Date: Fri, 10 Jul 2009 13:59:33 -0400 (EDT)
From: Alan Stern <stern@rowland.harvard.edu>
To: David Brownell <david-b@pacbell.net>
cc: Ian Lynagh <igloo@earth.li>, <linux-usb@vger.kernel.org>,
	<linux-wireless@vger.kernel.org>, <users@rt2x00.serialmonkey.com>
Subject: Re: PROBLEM: USB wlan device stops working; ehci "kernel BUG"
In-Reply-To: <200907101043.49869.david-b@pacbell.net>
Message-ID: <Pine.LNX.4.44L0.0907101350000.3149-100000@iolanthe.rowland.org>
MIME-Version: 1.0
Content-Type: TEXT/PLAIN; charset=US-ASCII
Sender: linux-wireless-owner@vger.kernel.org

On Fri, 10 Jul 2009, David Brownell wrote:

> On Friday 10 July 2009, Ian Lynagh wrote:
> > [582730.178212] kernel BUG at .../drivers/usb/host/ehci-mem.c:74!
> 
> Note that this is a *SECONDARY* failure ... the endpoint hardware
> is still in use, but it should have been shut down already.  So
> the interesting question is:  what was the *PRIMARY* failure?
> 
> So I'd suggest that the WLAN device driver has at least three bugs:
> 
>  1 The error logging should use dev_err() etc so that it shows which
>    USB device it came from; "phy0 -> rt2x00usb_vendor_request" etc
>    just leaves us guessing.
> 
>  2 The first one, which prevented it from working and caused
>    all the syslog spam that wasn't triggered by seeming bugs
>    in userspace code (those "derefnull" and "divbyzero" utils,
>    also "ghc"); presumably the PHY code is at least one issue.
>    Maybe it's just mis-handling something at high speed...
> 
>  3 The driver's likely doing *something wrong* in disconnect().
>    Maybe returning while a control message is outstanding; that
>    might cause the above BUG(), ISTR there was a hole of that
>    shape in the USB stack a few years ago.
> 
> I'm skeptical that the BUG() above would trigger without a driver
> first misbehaving.  This is not a common BUG(); something else
> made it happen.  My guess is #3 above.  The first two seem very
> apparent just from looking at the syslog data provided.

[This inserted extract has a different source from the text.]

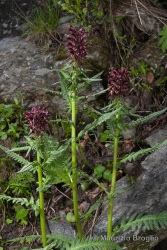 Immagine 2 di 4 - Pedicularis recutita L.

That BUG normally cannot be triggered by a driver error.  It happened
during module unloading, which means all the devices from the root hub
on down must have been removed and their endpoints flushed and
disabled.  If a QH's list is still nonempty, it must be because some
qTD wasn't properly removed -- probably because of the HC_STATE_HALT
setting.

This particular error path has gotten very little testing.  We 
shouldn't be surprised to see that it's not working quite right.

In this case the primary failure was most likely either a hardware bug
in the SB700 controller or (less likely) a bug in the rt73usb driver,
as noted by other people.

Alan Stern